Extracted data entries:
^^^^^^^^

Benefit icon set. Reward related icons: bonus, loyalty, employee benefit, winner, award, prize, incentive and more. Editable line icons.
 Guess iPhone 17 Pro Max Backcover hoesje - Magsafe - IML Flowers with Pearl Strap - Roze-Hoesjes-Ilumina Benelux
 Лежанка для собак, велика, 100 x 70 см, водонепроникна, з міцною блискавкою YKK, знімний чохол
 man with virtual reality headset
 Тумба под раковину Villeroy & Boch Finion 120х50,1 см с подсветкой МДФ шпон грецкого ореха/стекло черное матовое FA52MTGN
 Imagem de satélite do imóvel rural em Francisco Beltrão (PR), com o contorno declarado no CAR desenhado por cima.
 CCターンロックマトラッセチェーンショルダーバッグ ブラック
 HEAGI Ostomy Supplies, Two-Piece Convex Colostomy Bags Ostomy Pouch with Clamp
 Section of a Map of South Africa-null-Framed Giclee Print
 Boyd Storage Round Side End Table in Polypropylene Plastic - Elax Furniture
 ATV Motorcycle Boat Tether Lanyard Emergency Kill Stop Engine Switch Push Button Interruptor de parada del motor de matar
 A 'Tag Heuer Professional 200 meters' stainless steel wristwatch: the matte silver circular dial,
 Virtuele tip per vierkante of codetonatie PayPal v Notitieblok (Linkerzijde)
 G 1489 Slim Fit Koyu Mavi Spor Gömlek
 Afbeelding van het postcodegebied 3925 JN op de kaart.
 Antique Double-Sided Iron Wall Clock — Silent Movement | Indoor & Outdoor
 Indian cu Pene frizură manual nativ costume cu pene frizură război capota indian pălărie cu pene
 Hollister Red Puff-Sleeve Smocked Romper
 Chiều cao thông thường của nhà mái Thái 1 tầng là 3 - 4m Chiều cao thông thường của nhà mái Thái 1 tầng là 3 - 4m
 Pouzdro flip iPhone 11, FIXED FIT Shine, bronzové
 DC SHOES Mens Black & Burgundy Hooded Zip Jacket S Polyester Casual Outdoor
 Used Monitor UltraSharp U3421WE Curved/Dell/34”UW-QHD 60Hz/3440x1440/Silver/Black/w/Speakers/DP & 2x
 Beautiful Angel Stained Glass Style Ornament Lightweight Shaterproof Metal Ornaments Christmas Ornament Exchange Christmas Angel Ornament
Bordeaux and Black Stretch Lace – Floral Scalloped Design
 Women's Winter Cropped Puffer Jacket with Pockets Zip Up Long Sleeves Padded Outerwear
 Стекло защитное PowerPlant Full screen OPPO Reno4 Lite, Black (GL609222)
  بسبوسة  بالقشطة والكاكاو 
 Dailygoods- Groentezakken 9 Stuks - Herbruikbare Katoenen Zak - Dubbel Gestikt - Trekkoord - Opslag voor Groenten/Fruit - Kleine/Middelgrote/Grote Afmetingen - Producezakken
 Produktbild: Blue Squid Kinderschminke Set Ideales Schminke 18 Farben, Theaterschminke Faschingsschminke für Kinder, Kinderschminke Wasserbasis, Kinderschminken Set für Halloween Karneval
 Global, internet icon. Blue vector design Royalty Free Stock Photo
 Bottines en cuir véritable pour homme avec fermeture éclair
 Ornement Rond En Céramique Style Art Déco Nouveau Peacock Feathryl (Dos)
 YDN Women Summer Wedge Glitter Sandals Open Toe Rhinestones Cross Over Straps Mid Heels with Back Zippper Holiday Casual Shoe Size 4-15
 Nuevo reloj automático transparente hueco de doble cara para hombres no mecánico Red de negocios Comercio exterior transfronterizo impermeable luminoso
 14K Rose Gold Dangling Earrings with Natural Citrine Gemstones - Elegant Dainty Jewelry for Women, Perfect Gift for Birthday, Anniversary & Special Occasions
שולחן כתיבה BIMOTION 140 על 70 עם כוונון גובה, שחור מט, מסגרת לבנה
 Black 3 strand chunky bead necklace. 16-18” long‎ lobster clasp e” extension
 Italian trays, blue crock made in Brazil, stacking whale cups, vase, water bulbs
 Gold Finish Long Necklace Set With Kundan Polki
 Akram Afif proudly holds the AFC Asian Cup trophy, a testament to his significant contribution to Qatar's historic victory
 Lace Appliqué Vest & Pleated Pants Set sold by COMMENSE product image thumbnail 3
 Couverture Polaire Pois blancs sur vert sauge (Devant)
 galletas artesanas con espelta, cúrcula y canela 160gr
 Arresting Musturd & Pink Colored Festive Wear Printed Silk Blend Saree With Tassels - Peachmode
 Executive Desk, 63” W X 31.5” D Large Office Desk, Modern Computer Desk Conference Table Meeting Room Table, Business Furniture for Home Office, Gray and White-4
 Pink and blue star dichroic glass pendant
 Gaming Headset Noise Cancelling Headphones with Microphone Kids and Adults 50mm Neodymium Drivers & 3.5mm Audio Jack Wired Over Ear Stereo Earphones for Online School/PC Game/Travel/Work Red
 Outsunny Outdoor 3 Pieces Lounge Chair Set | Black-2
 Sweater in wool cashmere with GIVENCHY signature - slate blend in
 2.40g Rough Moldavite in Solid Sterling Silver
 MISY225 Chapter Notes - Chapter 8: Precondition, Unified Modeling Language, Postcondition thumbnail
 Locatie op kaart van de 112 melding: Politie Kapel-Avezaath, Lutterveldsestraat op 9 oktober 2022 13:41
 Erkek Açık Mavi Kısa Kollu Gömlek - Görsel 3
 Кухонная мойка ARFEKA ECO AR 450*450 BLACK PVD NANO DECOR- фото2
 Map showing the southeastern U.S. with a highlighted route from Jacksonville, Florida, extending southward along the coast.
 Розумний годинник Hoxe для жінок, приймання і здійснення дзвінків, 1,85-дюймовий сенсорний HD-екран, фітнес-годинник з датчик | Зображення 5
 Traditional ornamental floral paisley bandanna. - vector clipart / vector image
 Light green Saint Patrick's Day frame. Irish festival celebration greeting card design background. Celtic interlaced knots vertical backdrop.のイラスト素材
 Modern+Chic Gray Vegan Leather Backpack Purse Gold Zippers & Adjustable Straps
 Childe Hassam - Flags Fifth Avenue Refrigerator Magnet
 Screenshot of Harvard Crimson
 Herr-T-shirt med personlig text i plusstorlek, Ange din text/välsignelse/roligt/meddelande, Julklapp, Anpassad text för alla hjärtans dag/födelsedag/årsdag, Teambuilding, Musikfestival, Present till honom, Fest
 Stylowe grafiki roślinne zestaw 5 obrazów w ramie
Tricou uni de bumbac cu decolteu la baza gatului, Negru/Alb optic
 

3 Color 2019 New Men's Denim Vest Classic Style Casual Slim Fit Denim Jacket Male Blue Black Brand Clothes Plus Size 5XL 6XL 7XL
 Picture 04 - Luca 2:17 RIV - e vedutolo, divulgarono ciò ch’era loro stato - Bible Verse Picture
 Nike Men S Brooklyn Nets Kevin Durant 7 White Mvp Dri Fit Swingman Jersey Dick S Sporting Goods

^^^^^^^^

Produce a verbatim copy of the lines from the one holding "Stylowe grafiki roślinne" to the final line of the data, and nothing more.

 Stylowe grafiki roślinne zestaw 5 obrazów w ramie
Tricou uni de bumbac cu decolteu la baza gatului, Negru/Alb optic
 

3 Color 2019 New Men's Denim Vest Classic Style Casual Slim Fit Denim Jacket Male Blue Black Brand Clothes Plus Size 5XL 6XL 7XL
 Picture 04 - Luca 2:17 RIV - e vedutolo, divulgarono ciò ch’era loro stato - Bible Verse Picture
 Nike Men S Brooklyn Nets Kevin Durant 7 White Mvp Dri Fit Swingman Jersey Dick S Sporting Goods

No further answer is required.